***** DATA RECORDS

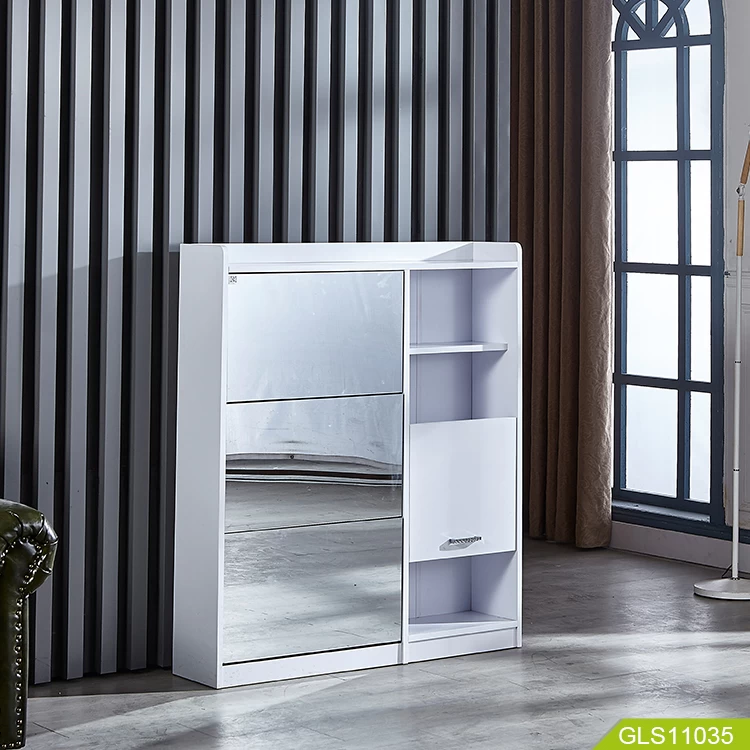 Wooden luxurious shoe cabinet with mirror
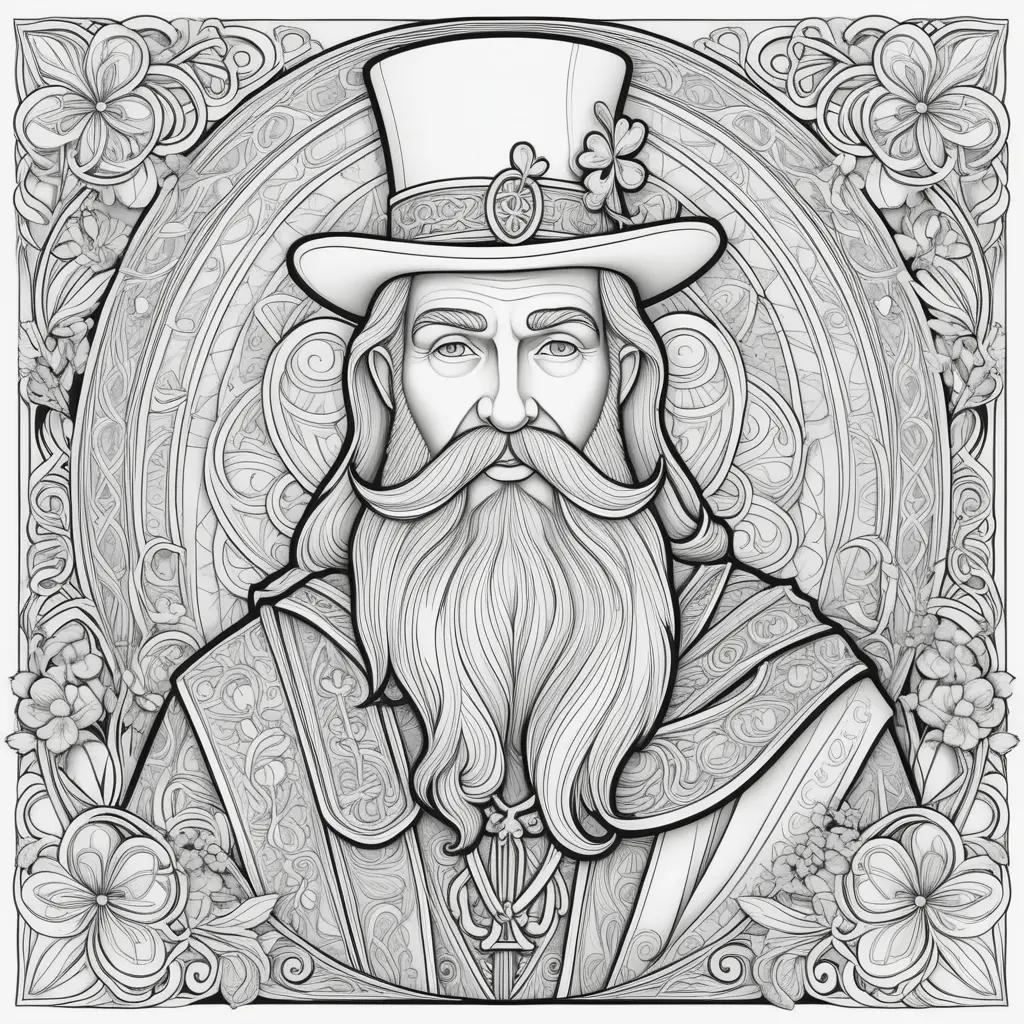 st Patrick coloring page with a man with a hat and beard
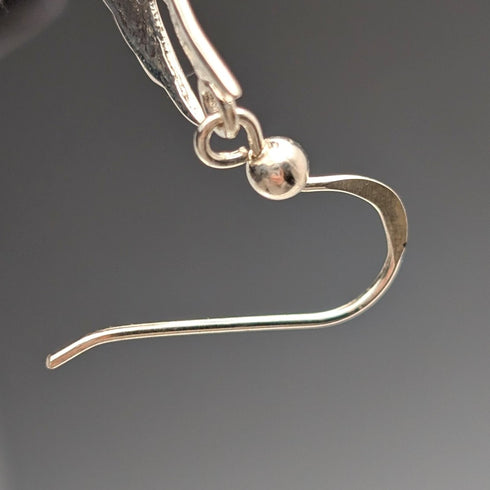 復古純銀明日香圖案水滴耳環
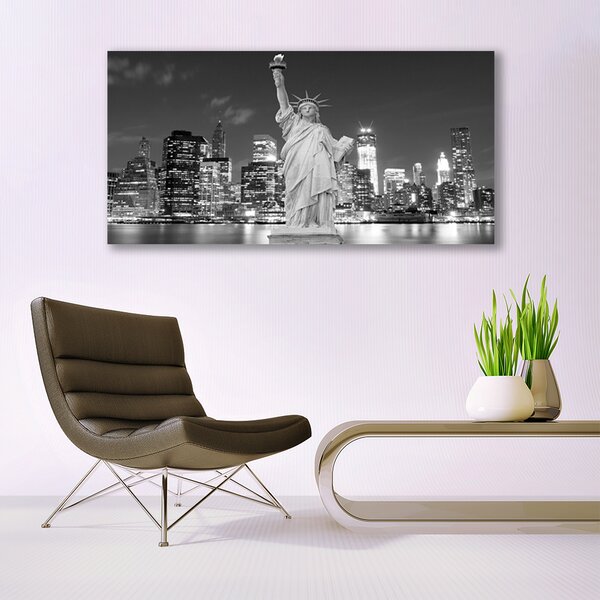 Tablou pe panza canvas Statuia Libertății din New York Case Gray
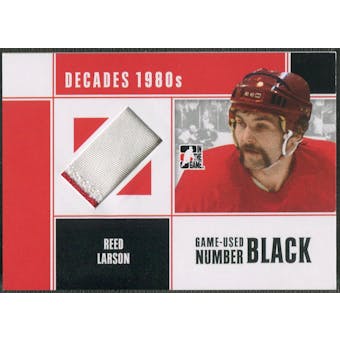 2010/11 ITG Decades 1980s #M65 Reed Larson Game Used Emblem Black /6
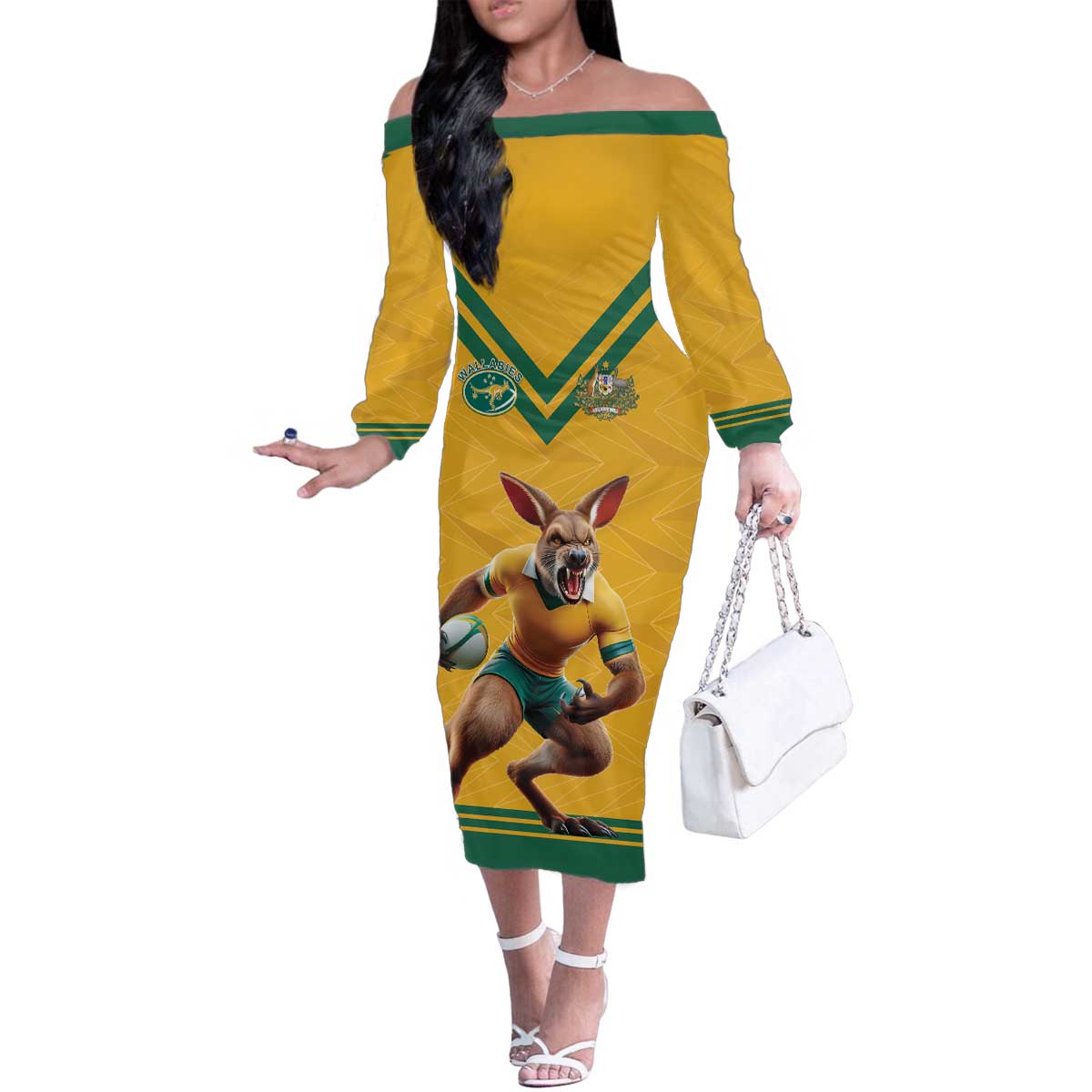Custom Australia Rugby Family Matching Off The Shoulder Long Sleeve Dress and Hawaiian Shirt Wallabies Mascot Sporty Style - Aussie Hoodie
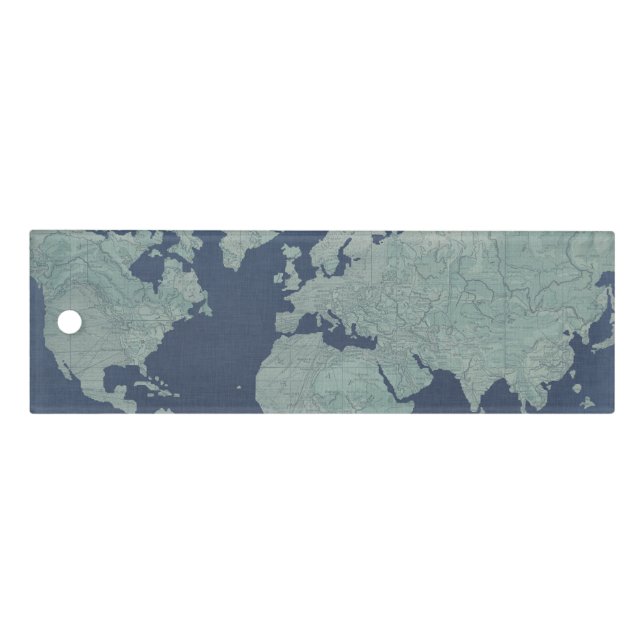 Blue Linen World Map Ruler (Front)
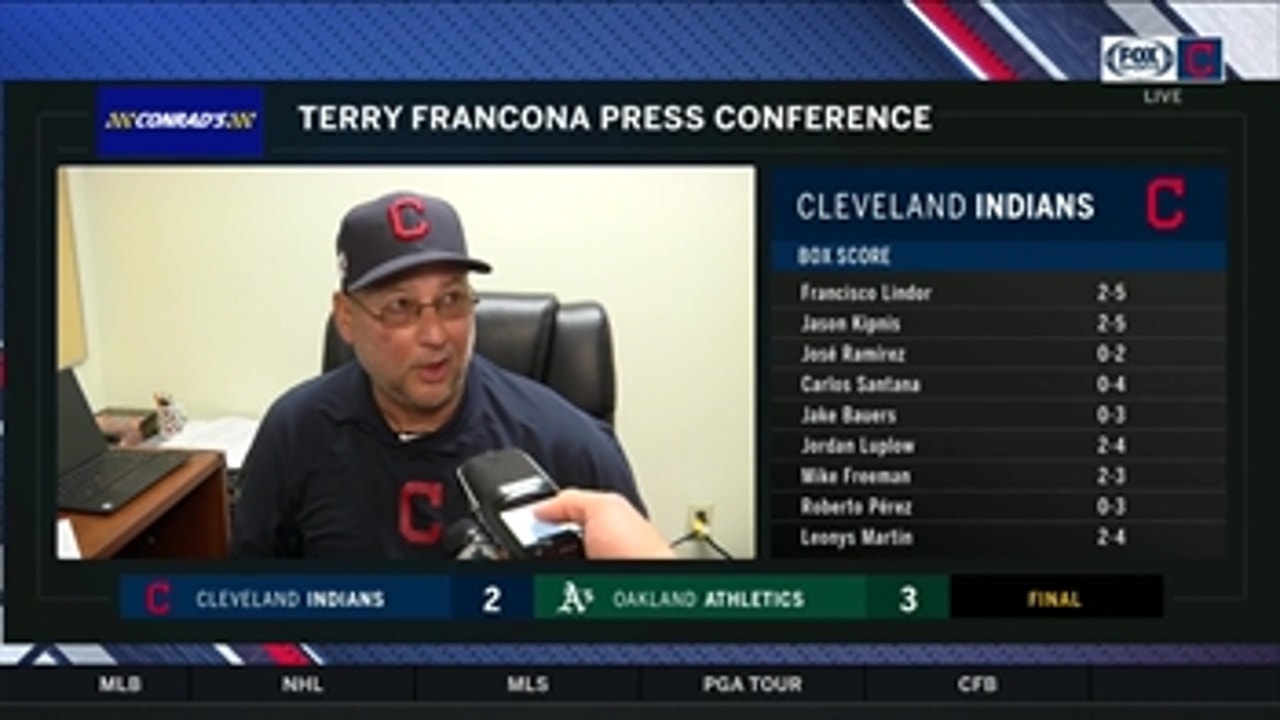 Terry Francona recaps loss to Athletics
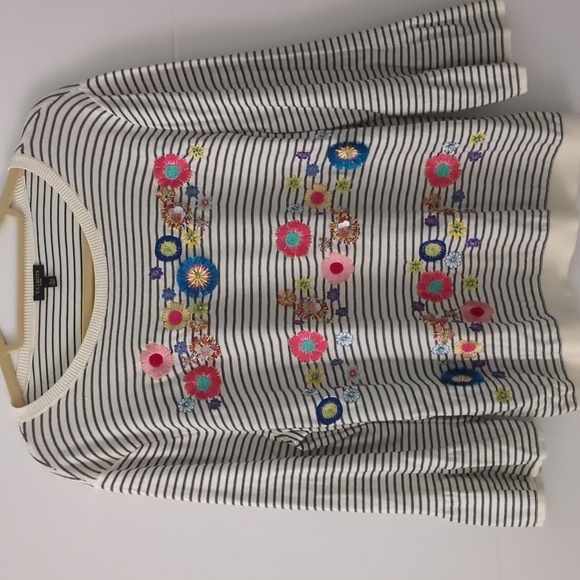 Talbots petite striped embellished lightweight knit pullover - Picture 1 of 11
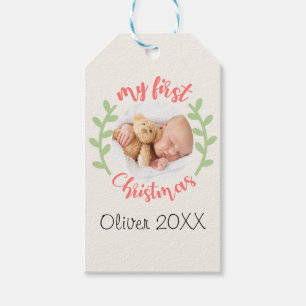 Étiquettes-cadeau Mon 1er Noël Baby Name PHOTO Wreath Tags cadeaux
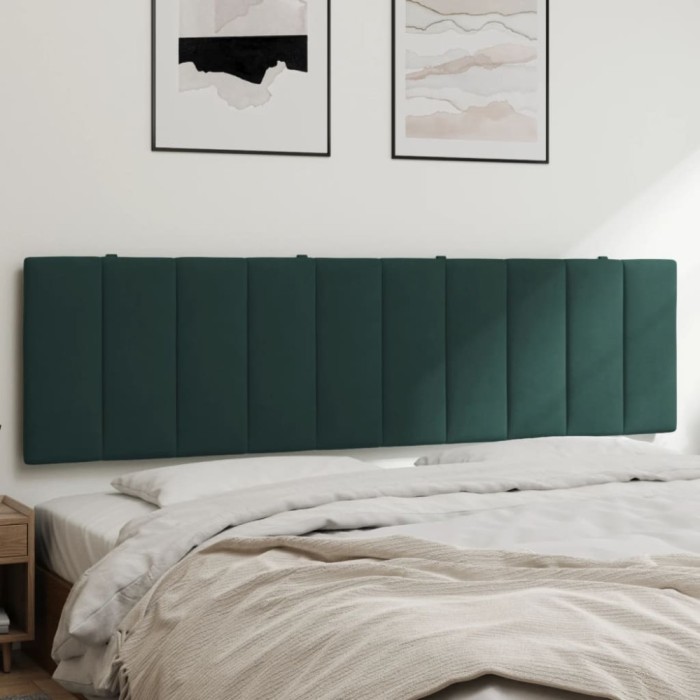vidaXL Pernă tăblie de pat, Hanko, verde, 180 cm, catifea 374684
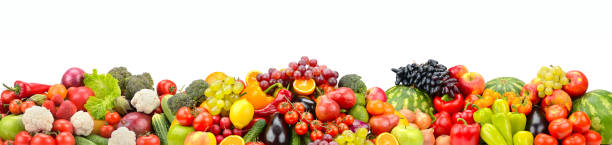istock Multicolored berries, fruits and vegetables isolated on white 1469264596
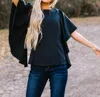 HAYDEN LA WING AND A PRAYER RUFFLE SLEEVE BLOUSE IN BLACK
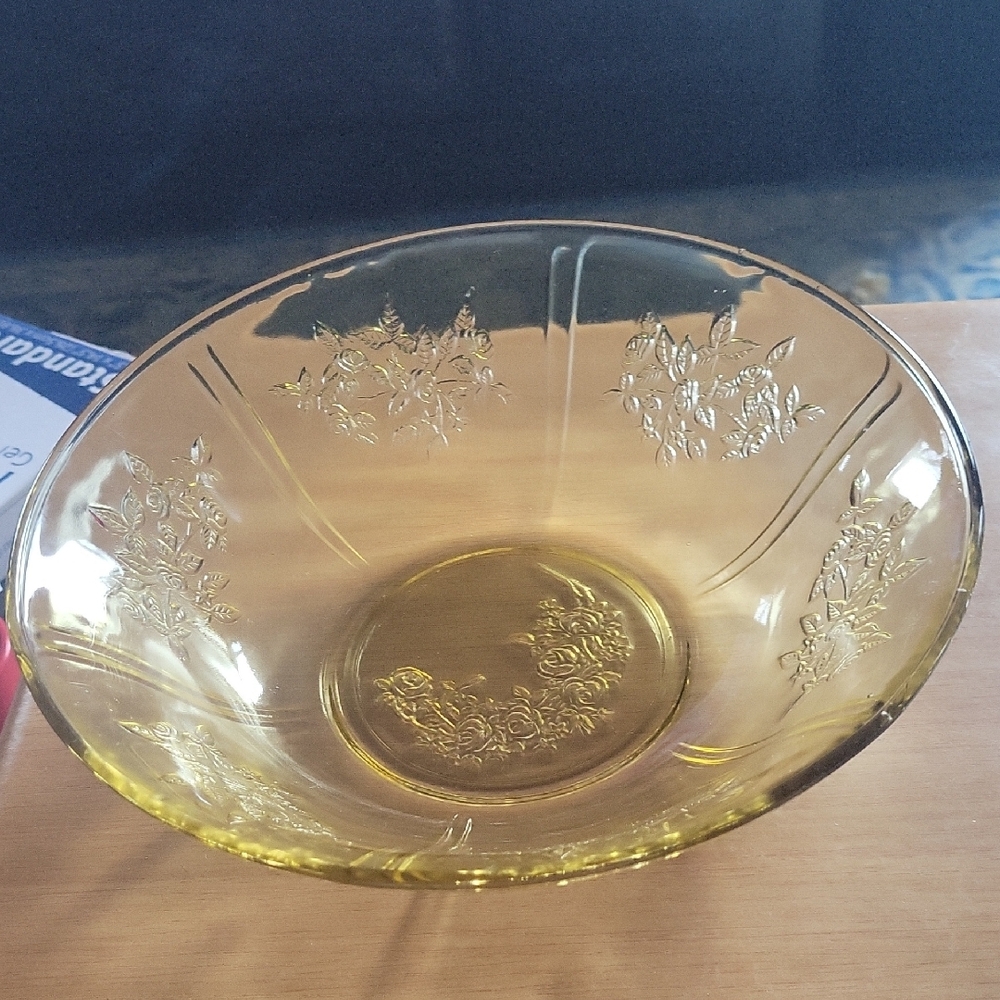 5 For 25.00/ Yellow Floral Patterned Serveware Bowl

**********

■ ABOUT THIS EXERCISE ■
Your answer is an exact copy of the records above, stripped of pictures.

■ TASK SOLUTION ■
 Wooden luxurious shoe cabinet with mirror
 st Patrick coloring page with a man with a hat and beard
 復古純銀明日香圖案水滴耳環
 Tablou pe panza canvas Statuia Libertății din New York Case Gray
 2010/11 ITG Decades 1980s #M65 Reed Larson Game Used Emblem Black /6
Custom Australia Rugby Family Matching Off The Shoulder Long Sleeve Dress and Hawaiian Shirt Wallabies Mascot Sporty Style - Aussie Hoodie
 Blue Linen World Map Ruler (Front)
 Terry Francona recaps loss to Athletics
 Talbots petite striped embellished lightweight knit pullover - Picture 1 of 11
 Étiquettes-cadeau Mon 1er Noël Baby Name PHOTO Wreath Tags cadeaux
vidaXL Pernă tăblie de pat, Hanko, verde, 180 cm, catifea 374684
istock Multicolored berries, fruits and vegetables isolated on white 1469264596
 HAYDEN LA WING AND A PRAYER RUFFLE SLEEVE BLOUSE IN BLACK
 5 For 25.00/ Yellow Floral Patterned Serveware Bowl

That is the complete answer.